First of all, the example i keep referring to is "younger person/student/employee initiates relationship with older person/teacher/boss", so if there is "power imbalance" it is initially on the side of the one being pursued by the one with "less power".
Second, is that i don't understand what is the damage if two people, connected by work/school/sports, spend a night together?
Let's take the most feared case scenario: lets say a 40-year old man in power, a boss/teacher/coach (unmarried, pls note, i am excluding such right if person is married, since marriage is a contract and one has no right to break it by cheating), flirts and seduces (in a nice way, with flowers, gifts, compliments, NO coercion or violence of course) a younger woman 20-year old. As he pursues her, she starts to like him and seeing various charms of that man and perhaps benefits, personal, physical, intellectual (learning from a wiser person).... And yes, she comes to this state of mind as a result of his actions, but on her own free will. And then they spend a night together. And the he dumps her, or she dumps him.... and it does not affect their work day the next morning. Just ha-ha... that was a mistake lets not talk about it... Or even if she fell in love with him, and he is not interested..
Tell me, WHAT exactly has she lost during that night when they were engaged in mutually enjoyable activity? an arm? a leg? a piece of meat off her body? did he make her pay for dinner and did not pay her back?..... two adults, had fun in bed, and then no more of it.
If we're concerned with "emotional side" how the employee/student girl would feel when a "powerful man" left her, then let's ask a question when two people meet outside of work or sports, and are also in unequal social or financial position, a wealthy man meets a poor girl at the movies and gets her involved in a relationship and then breaks up?
Is the emotional side of a break up any more or less stronger based on where and how people met?
I am pretty sure that a "sensitive person" would upset over a break up all the same regardless if they met at work or at a rink or at friends' house...
And honestly.... i get a sense lately in this topic, or rather finally starting to understand, the perhaps people think that "sex, which woman gives to a man" is some kind of asset.. and if the "seduces her" then he is taking something from her. That a result of a seduction (of a woman by a man) is not viewed as "oh great! they agreed on having fun in bed", but rather "she giving herself to him as a result of his manipulation"...... As if sex is dirty and the woman is potentially losing something... oy, mama mia...

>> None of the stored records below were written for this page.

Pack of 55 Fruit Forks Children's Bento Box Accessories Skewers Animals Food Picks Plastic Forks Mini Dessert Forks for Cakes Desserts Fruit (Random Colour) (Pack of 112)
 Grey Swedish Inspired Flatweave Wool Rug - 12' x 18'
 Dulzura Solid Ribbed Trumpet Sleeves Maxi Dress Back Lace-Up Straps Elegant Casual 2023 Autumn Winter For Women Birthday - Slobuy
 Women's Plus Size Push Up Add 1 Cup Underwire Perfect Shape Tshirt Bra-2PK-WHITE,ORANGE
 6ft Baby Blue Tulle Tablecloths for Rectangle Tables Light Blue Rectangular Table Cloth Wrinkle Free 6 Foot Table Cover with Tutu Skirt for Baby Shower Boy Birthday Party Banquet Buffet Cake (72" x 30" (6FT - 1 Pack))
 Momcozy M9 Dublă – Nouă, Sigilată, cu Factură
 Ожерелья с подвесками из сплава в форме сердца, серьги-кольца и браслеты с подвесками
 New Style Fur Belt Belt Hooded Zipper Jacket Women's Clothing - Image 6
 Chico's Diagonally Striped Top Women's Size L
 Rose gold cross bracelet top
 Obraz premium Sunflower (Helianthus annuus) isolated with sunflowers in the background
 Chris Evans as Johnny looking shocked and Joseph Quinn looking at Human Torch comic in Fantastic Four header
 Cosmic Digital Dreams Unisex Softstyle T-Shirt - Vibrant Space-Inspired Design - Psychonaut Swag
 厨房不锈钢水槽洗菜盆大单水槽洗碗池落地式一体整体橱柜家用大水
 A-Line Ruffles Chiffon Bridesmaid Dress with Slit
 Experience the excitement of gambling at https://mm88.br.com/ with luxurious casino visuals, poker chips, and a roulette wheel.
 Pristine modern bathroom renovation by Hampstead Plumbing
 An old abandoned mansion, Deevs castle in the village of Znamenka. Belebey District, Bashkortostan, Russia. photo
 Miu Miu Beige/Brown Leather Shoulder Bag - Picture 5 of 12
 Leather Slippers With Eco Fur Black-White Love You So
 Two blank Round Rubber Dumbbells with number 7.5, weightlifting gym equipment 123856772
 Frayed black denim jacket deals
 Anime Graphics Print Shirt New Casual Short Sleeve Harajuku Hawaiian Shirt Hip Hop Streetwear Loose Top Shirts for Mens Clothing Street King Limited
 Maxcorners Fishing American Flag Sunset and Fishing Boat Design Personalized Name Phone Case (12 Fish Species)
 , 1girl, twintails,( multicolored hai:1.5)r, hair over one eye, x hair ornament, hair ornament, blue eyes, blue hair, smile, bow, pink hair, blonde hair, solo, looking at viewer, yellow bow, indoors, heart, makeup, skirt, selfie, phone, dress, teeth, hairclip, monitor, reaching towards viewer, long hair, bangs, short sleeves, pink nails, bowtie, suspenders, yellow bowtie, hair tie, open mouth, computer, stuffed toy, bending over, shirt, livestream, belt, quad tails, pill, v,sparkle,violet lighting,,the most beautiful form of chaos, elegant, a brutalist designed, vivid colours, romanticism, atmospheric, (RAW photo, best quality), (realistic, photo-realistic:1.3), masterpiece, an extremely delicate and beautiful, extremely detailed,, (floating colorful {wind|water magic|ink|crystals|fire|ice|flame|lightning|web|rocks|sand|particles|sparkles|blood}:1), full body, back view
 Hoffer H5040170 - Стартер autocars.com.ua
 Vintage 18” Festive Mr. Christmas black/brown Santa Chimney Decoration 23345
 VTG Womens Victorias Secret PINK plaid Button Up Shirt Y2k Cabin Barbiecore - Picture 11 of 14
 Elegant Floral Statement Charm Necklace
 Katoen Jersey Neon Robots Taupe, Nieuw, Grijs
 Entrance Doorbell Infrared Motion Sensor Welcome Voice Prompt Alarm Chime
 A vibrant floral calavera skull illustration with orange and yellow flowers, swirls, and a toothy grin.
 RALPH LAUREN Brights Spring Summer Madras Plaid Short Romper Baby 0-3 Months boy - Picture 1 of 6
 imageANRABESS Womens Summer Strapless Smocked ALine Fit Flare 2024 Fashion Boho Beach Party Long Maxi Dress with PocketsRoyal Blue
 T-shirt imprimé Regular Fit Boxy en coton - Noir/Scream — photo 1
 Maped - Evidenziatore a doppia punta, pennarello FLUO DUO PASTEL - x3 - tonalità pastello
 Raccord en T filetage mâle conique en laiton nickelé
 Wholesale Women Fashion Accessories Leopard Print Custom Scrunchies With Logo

It's not just age differences either. That's why in many big corporations where office romances between adults may happen many of them have adopted policies to minimize any sort of liability. Some strongly discourage dating, some have a disclosure policy where after disclosure if the two dating employees work in the same division one may get moved, many have a strict rule about superiors and supervisors not being allowed to date subordinates, etc. A lot of is about productivity and office morale, but also a lot of it is because those businesses know there is a danger of lawsuits because all of that can lead to real abuses of power even if those sexual relationships started in earnest and were between two adults.
I absolutely agree with cases when the corporation's concern is office environment and productivity. They pay their employees salaries for work, not other activities and indirect consequences of such. But what happens in "employees harts and minds" as a result of an affair, is NONE of their business nor should be used as reason for prohibiting such affairs. If two people in the same office hook up, and their work is not affected, whatever they feel, do, experience is no one's affair. The assumption that "if two employees date and later break up then they will not be able to work in the same office/department/project" is not a valid reason for a rule. What is valid is when as a result of a break up two or one of the two employees starts "acting out" and unable to do his/her job - you fire him/her, and that would be fair. But assuming "the worst" is subjective, and not a reason to pass a law.